Committee Against Torture
Twenty-fourth session
1 - 19 May 2000

ANNEX

Views of the Committee Against Torture under article 22 of the

Convention against Torture and Other Cruel,

Inhuman or Degrading Treatment or Punishment

- Twenty-fourth session -

Communication No. 143/1999

Submitted by: S.C. (name withheld) [represented by counsel]

Alleged victims: The author

State party: Denmark

Date of communication: 17 August 1999

The Committee against Torture, established under article 17 of the Convention against Torture and Other Cruel, Inhuman or Degrading Treatment or Punishment,

Meeting on 10 May 2000,

Having concluded its consideration of communication No. 143/1999, submitted to the Committee against Torture under article 22 of the Convention against Torture and Other Cruel, Inhuman or Degrading Treatment or Punishment,

Having taken into account all information made available to it by the author of the communication, his counsel and the State party,

Adopts its views under article 22, paragraph 7, of the Convention.

1.1 The author of the communication is Ms.
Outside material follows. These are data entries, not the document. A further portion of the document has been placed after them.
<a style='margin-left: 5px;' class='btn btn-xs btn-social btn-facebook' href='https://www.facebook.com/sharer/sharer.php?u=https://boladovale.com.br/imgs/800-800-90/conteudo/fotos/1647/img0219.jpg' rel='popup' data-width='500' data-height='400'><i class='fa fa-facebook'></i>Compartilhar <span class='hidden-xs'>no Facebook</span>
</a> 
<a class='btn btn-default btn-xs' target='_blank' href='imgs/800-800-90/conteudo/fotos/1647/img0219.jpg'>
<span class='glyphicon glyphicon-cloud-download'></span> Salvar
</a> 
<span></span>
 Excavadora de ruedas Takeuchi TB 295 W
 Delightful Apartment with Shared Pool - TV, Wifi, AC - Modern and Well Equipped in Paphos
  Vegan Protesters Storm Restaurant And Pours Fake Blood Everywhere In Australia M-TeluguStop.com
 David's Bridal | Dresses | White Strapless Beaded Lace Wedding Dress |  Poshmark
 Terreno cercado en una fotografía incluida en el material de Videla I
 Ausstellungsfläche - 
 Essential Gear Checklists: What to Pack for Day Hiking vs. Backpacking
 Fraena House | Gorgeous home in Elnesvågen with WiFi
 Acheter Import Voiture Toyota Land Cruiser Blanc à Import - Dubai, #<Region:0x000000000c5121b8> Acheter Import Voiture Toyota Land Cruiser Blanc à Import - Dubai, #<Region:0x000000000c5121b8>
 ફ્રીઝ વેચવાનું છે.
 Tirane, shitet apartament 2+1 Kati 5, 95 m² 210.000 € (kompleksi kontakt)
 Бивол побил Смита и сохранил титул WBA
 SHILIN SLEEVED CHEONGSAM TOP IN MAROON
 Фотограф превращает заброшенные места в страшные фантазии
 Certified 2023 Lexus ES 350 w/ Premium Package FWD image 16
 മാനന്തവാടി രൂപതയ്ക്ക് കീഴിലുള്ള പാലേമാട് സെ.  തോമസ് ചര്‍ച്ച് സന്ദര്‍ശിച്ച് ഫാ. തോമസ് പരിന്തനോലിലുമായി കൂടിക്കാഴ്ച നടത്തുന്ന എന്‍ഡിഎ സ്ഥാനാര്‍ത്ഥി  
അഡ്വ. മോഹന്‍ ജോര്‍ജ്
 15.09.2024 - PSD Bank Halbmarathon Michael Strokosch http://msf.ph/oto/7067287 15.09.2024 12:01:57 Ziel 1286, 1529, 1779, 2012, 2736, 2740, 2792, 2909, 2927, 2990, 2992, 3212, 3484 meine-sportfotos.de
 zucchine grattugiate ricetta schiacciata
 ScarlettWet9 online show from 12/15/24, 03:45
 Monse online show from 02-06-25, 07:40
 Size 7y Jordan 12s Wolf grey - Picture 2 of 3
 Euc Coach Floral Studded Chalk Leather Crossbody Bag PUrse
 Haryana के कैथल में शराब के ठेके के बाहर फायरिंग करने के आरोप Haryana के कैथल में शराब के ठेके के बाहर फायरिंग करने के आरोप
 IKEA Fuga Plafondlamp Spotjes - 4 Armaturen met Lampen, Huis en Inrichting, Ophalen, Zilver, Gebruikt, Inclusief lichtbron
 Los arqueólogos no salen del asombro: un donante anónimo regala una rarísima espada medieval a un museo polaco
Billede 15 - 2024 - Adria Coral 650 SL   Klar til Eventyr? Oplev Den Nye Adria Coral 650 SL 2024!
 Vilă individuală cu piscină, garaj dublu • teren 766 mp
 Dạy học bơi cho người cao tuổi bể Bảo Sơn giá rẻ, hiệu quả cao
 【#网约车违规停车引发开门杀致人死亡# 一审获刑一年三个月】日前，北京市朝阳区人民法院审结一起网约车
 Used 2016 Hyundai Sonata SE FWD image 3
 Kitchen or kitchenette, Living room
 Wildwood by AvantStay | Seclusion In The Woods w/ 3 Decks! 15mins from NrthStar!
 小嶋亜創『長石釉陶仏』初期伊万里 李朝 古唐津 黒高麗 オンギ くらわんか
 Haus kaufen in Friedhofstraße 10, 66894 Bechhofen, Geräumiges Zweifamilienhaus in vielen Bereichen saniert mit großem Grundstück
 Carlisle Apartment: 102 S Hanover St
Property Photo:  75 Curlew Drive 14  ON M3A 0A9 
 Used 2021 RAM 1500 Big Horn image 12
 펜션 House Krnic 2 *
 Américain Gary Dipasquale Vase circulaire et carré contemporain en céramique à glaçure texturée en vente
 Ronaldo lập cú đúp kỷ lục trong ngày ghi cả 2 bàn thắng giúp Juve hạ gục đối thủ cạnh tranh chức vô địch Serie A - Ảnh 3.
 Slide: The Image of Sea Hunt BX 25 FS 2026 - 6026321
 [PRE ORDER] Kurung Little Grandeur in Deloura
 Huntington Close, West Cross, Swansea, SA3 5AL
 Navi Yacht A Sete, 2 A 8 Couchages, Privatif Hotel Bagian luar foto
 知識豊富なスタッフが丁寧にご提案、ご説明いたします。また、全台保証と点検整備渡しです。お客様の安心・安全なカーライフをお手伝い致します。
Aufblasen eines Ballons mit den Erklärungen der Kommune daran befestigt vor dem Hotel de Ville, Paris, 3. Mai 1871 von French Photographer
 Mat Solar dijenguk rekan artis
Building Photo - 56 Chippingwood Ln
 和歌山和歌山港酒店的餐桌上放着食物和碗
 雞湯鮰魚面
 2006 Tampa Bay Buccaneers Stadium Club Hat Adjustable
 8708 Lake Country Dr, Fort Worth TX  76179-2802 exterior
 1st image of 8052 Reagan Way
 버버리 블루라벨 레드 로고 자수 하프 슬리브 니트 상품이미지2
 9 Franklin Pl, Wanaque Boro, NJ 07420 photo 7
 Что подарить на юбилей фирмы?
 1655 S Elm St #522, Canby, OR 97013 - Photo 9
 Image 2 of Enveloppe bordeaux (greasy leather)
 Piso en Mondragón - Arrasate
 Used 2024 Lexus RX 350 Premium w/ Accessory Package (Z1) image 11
S.C., born on 21 August 1965, of Ecuadorian origin, currently seeking asylum in Denmark together with her three minor children. The author claims that she would risk torture if she is returned to Ecuador and that her forced return to that country therefore would constitute a violation by Denmark of article 3 of the Convention. The author is represented by the Danish non-governmental organization "Let Bosnia Live".

1.2 In accordance with article 22, paragraph 3, of the Convention, the Committee transmitted the communication to the State party on 29 September 1999. Pursuant to rule 108, paragraph 9, of the Committee's rules of procedure, the State party was requested not to expel the author to Ecuador pending the consideration of her case by the Committee. In a submission of 29 November 1999 the State party informed the Committee that the author and her three minor children would not be expelled to her country of origin while her communication was under consideration by the Committee.

The facts as presented by the author

2.1. The author states that she became a member of the illegal opposition party Partido Roldosista Ecuatoriano (PRE) in Santo Domingo in April 1995, but underlines that she had been an active supporter since 1985. According to the author, she was arrested on 28 May 1994 after having distributed political propaganda material. She was first held in detention for three days, when she was allegedly ill-treated by being pulled by the hair, beaten and threatened every three hours. The author further states that she was given a six-months probationary sentence, during which she was deprived of her papers, including her passport, and her civil and political rights as an Ecuadorian national.

2.2 The author alleges that she was again detained on 13 December 1995, after having organized and participated in a unauthorized political demonstration of about 200 persons. According to the author, she was kept in detention for 10 days and allegedly starved, kicked and beaten with truncheons before she being sentenced to 10 days' imprisonment. To support her statement, the author refers to copies of medical records from the medical doctor she visited after her release.

2.3 On 26 April 1996, the author was appointed political leader for a women's group of the party. Her main tasks were to organize meetings for women, particularly from poor neighbourhoods, and inform them about their rights. She also provided assistance to families where one or both parents had disappeared.

2.4 The author's fiancé, who was also active in PRE, allegedly disappeared in 1996 after having been taken away by police in plain clothes.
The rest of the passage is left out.